Image: Smart Farming sicher machenSmart Farming – Die digitale Landwirtschaft der Zukunft | Scharfsinn86
TrendDie Zukunft der Landwirtschaft ist digital

Smart Farming sicher machen

Lesezeit ca.: 3 Minuten
Monique Opetz

Monique Opetz

Freie Journalistin

Sensoren für exaktes Düngen, Roboter zum Wässern, Unkrauter­ken­nung per Deep Learning – in der Landwirt­schaft werden immer mehr Prozesse automati­siert und digitali­siert. Die zentrale Herausfor­de­rung dabei: eine Schnittstelle für den sicheren Datenaus­tausch sämtlicher Akteure.

03. März 2020

Ein Kasten auf vier Rädern, etwas größer als eine Schubkarre, soll zukünftig die Arbeit auf den Feldern übernehmen. „Contadino“ heißt der Agrarroboter der Firma Continental, der säen, düngen, Unkraut- und Schädlinge bekämpfen kann; allein oder im Team. Der autonome Helfer ist einer von vielen, den es auf der weltgrößten agrartech­ni­schen Fachmesse Agritech­nica Ende 2019 in Hannover zu bestaunen gab. 

KI erkennt Unkraut

Die Feldroboter navigieren eigenständig durch Pflanzen­reihen und erkennen Unkraut, um es per Elektroschock oder mit rotierenden Messern zu zerstören. Möglich ist das mithilfe von Deep Learning, zahlreichen Sensoren und Kameras, die Unkraut von Nutzpflanzen anhand von Farbe, Struktur und anderen Merkmalen unterscheiden lernen.

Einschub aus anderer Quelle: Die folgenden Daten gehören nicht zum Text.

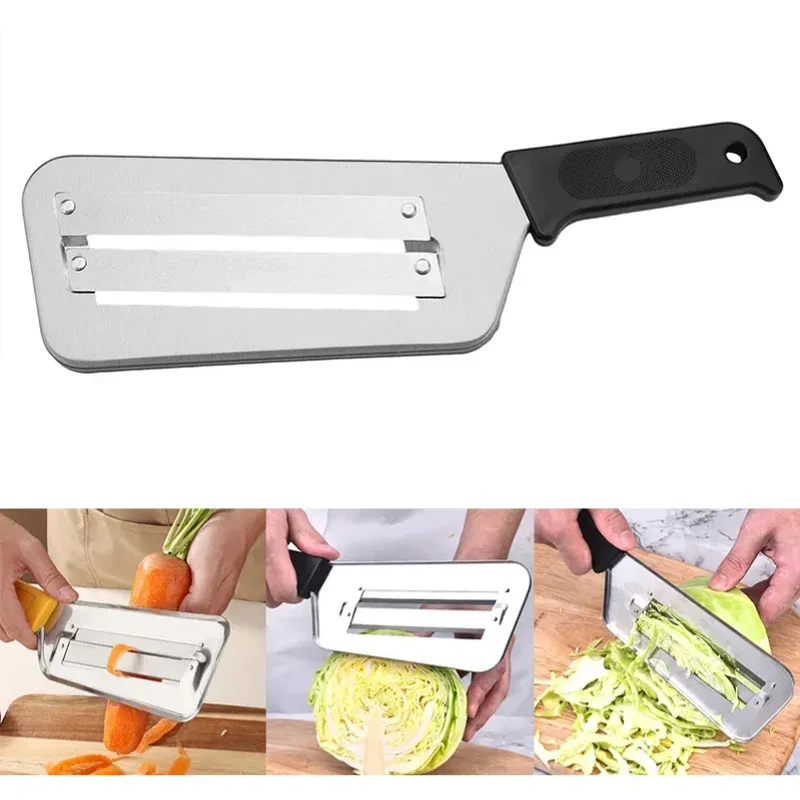 Coupe-légumes Inox Multifonction avec Poignée | Slicer de Chou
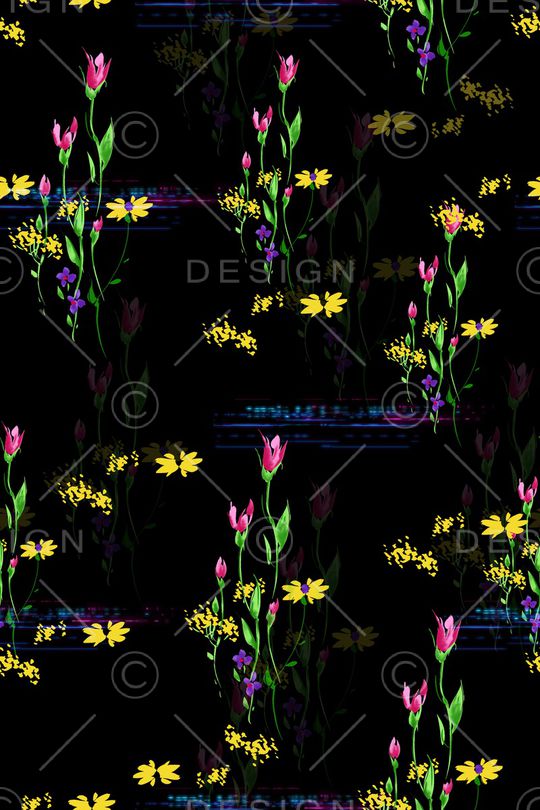 玉兰花印花华亿平台图片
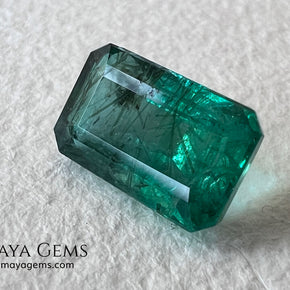 2.00 ct Natural Zambian Emerald – Vivid Green Emerald Cut
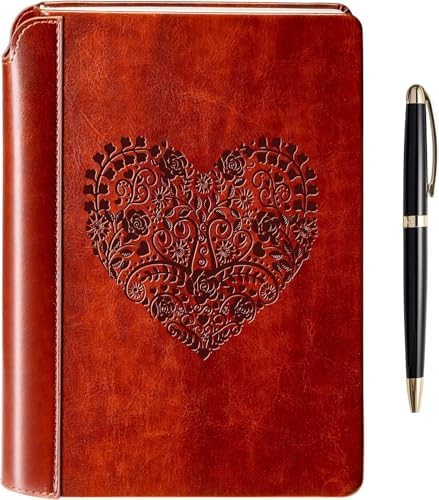 SETTINI® Vegan Leather Journal Gift Set with Pen 192 Pages, Heart by Settini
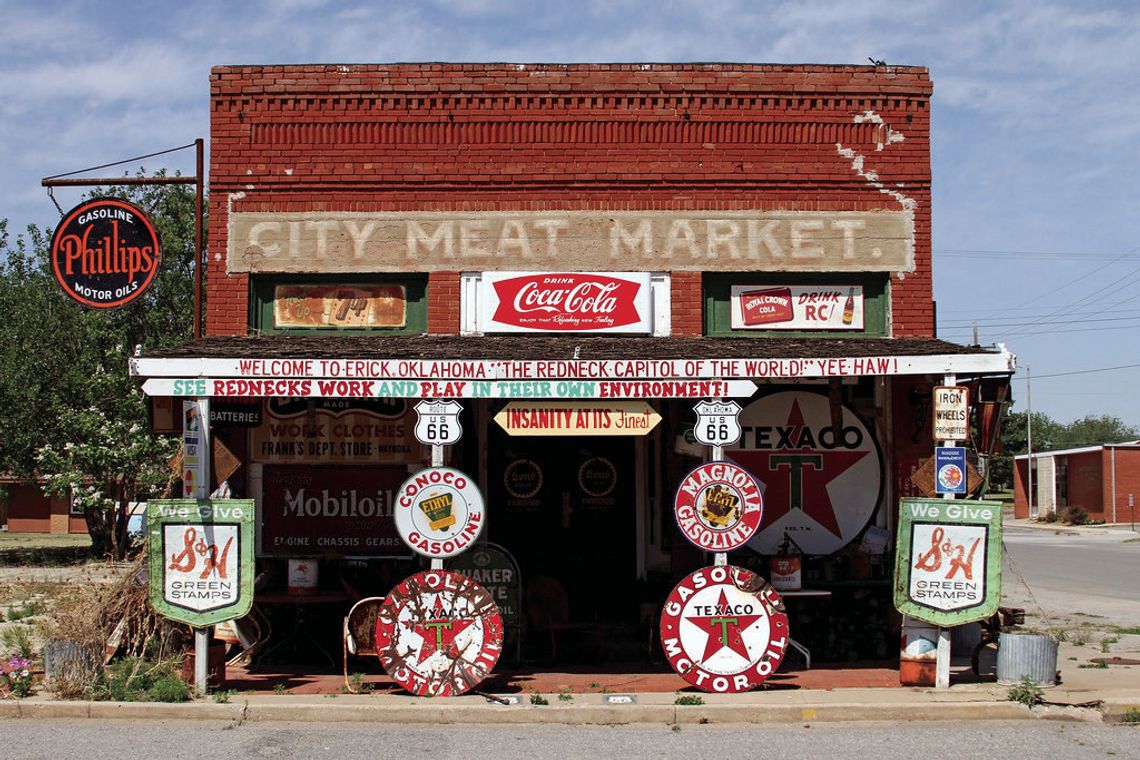 Route 66 Through Beckham County: Stories That Still Echo Route 66 Through Beckham County: Stories That Still Echo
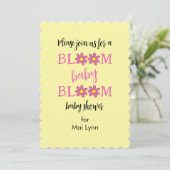 Invitation Baby shower Bloom Baby Bloom (Debout devant)
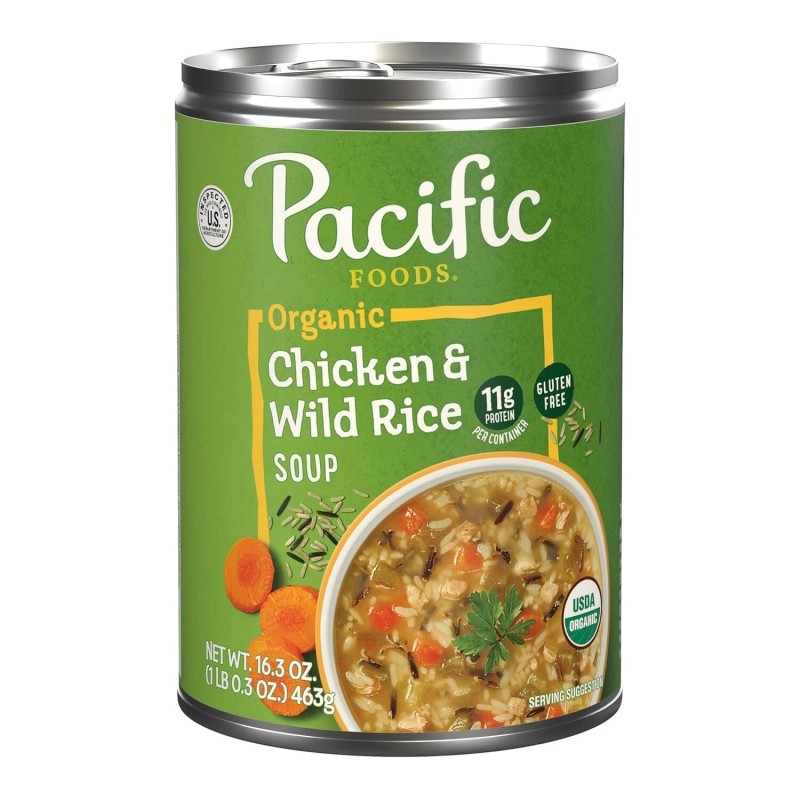 Pacific Foods Organic Chicken and Wild Rice Soup, 16.3 oz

Navigati­ons­sa­tel­li­ten­sys­teme wie GPS helfen vorgegebene Positionen anzusteuern, etwa um Schädlinge zu bekämpfen. „Die Digitali­sie­rung in der Landwirt­schaft hilft dabei, Informationen leichter verfügbar zu machen und damit eine neue Ebene der Genauigkeit zu erreichen“, erklärt Ralf Kalmar, Business Area Manager und Ansprech­partner für Smart Farming vom Fraunhofer-Institut für Experimen­telles Software Engineering IESE. Im Gegensatz zu früher sei es möglich, mit den entsprechenden Daten teilflächen­spe­zi­fisch arbeiten zu können. „Das heißt, Düngemittel werden nur dort ausgebracht, wo das Feld betroffen ist. Das spart Kosten und ermöglicht eine höhere Produkti­vi­tät“, betont er.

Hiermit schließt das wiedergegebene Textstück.